Single by Belinda and Tito Double P

from the album Indómita
- Released: 16 January 2025
- Genre: Corridos tumbados
- Length: 2:40
- Label: Warner Music México
- Songwriters: Belinda Peregrín; Jesús Roberto Laija García; José Ángel Pérez Sandoval;
- Producers: José Ángel Pérez Sandoval; Marcelo Rivera Levy; Tito Double P;

Belinda singles chronology
| "Jackpot" (2024) | "La Cuadrada" (2025) | "Blink Twice (Dos Veces Remix)" (2025) |

Tito Double P singles chronology
| "Rosones" (2024) | "La Cuadrada" (2025) | "7 Días" (2025) |

Music video
- "La Cuadrada" on YouTube

= La Cuadrada =

2025 song by Belinda and Tito Double P

"La Cuadrada" (lit. 'the square') is a song recorded by Mexican singers Belinda and Tito Double P. The track was released by Warner Music México on January 16, 2025, as the fifth single from Belinda's fifth studio album, Indómita (2025).

==Background and composition==
At the end of 2024, the news of Belinda's collaboration with Tito Double P was confirmed, and since then, both artists have been sharing clues on their social media about what the official video would sound like, what it would say, and what it would look like.

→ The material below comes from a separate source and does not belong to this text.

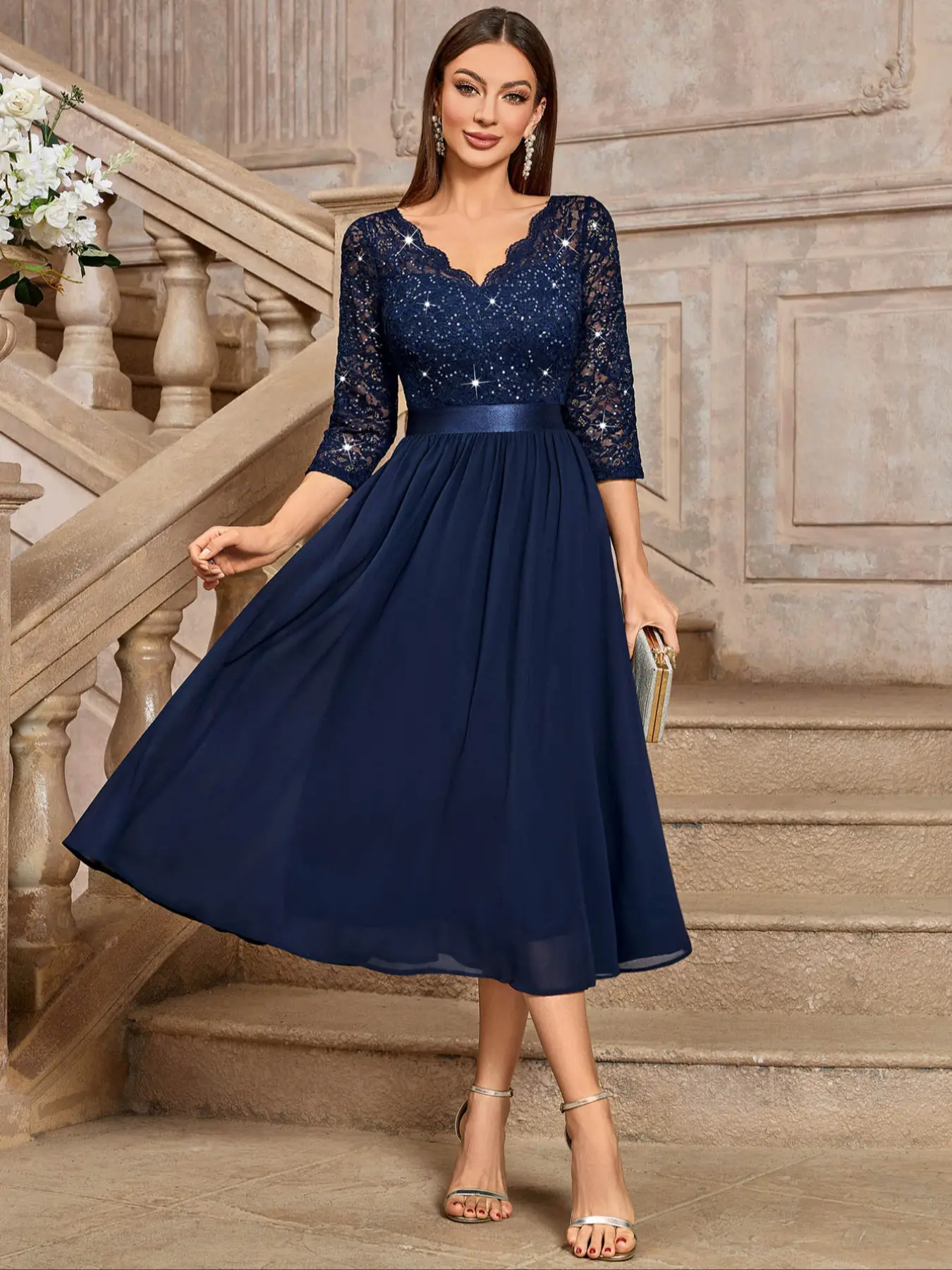 MIUSOL 24407A Elegant Modest Chic V-Neck Sequin Floral Lace Ruched Chiffon Flowy 3/4 Sleeve Women Formal Evening Party Long Dress, For Wedding Guest, Prom Party, Graduation, Cocktail, Swing Dress, A-Line Dress, Midi Dress, Formal Wear, Evening Dresses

The song features a casual, flirtatious tone between the individuals, with references to luxury cars, tequila, and parties, while maintaining the narrative of a dangerous relationship. The composition reinforces the connection between Belinda and Tito Double P's styles, achieving a balance between them.

==Music video==
The video was directed by La Flakka. A music video and a short film of almost eight minutes were made to tell the story of a pair of high-class hitmen who are given the mission of killing each other by a strange Italian client. The short film, recorded in Puebla, begins with Belinda enjoying a relaxing moment in the sun when Damiano calls her to inform her about his next target. At the same time, Tito receives the same assignment, but with his girlfriend's information in the instructions. Then, a battle begins with multiple failed murder attempts, but full of glamour and luxury. The images are recorded with both color and black and white shots, which change speed, tone and atmosphere depending on the situation in which the characters find themselves, in addition the hyperbolic performances give a comic touch to the situation.

==Charts==

Chart performance for "La Cuadrada"
| Chart (2025) | Peak position |
|---|---|
| Latin Airplay (Billboard) | 33 |
| Regional Mexican Airplay (Billboard) | 15 |
| Mexico (Monitor Latino) | 1 |

== Certifications ==

Certifications and sales for "La Cuadrada"
| Region | Certification | Certified units/sales |
| Mexico (AMPROFON) | Gold | 70,000^{‡} |
^{‡} Sales+streaming figures based on certification alone.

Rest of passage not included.